→ **What you need to do**
Of all the lines in the entries below, give again exactly those starting at the line containing "istock Man use" and ending at the line containing "TIFFANY & CO.", both ends included, and no others.

Start of Data to examine

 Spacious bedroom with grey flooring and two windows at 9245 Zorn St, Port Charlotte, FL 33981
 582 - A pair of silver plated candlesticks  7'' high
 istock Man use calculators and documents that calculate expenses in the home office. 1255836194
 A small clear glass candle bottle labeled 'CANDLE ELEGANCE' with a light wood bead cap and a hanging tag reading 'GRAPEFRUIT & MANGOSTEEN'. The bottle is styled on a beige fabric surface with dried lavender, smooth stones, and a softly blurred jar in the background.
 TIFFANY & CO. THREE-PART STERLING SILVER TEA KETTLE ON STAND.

End of Data to examine
Start of Data to examine

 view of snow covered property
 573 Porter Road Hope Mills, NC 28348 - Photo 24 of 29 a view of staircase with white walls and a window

End of Data to examine
Start of Data to examine

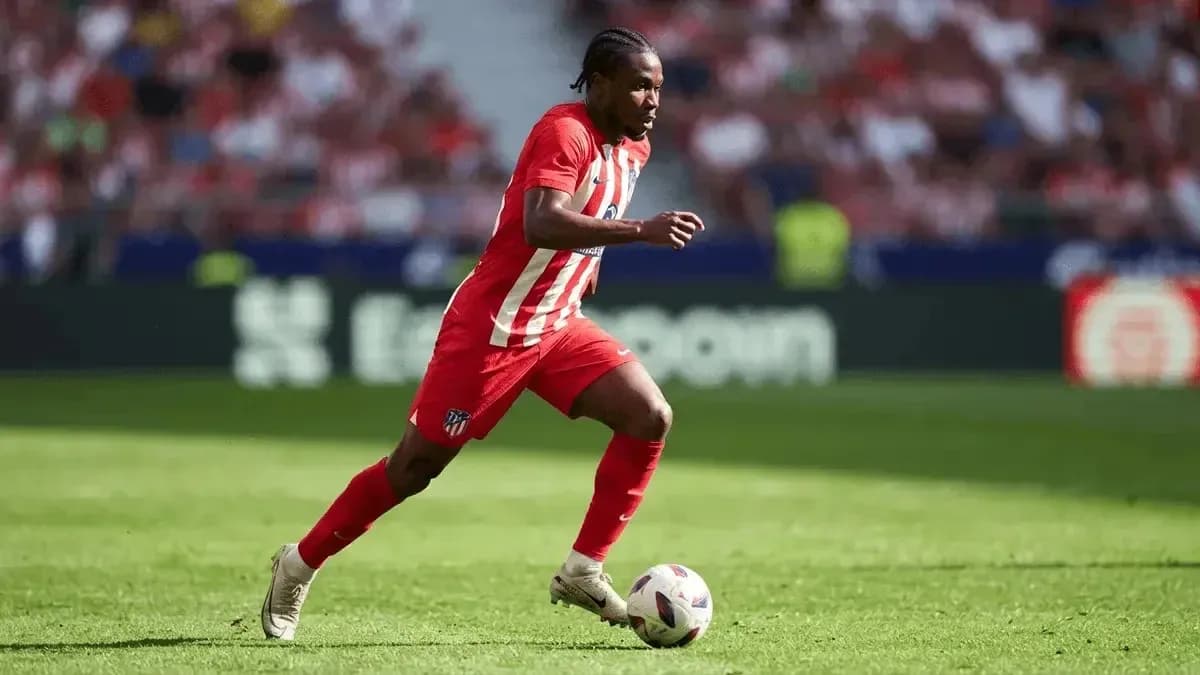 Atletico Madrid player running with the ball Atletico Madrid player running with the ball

End of Data to examine

→ **Response for this exercise**
 istock Man use calculators and documents that calculate expenses in the home office. 1255836194
 A small clear glass candle bottle labeled 'CANDLE ELEGANCE' with a light wood bead cap and a hanging tag reading 'GRAPEFRUIT & MANGOSTEEN'. The bottle is styled on a beige fabric surface with dried lavender, smooth stones, and a softly blurred jar in the background.
 TIFFANY & CO. THREE-PART STERLING SILVER TEA KETTLE ON STAND.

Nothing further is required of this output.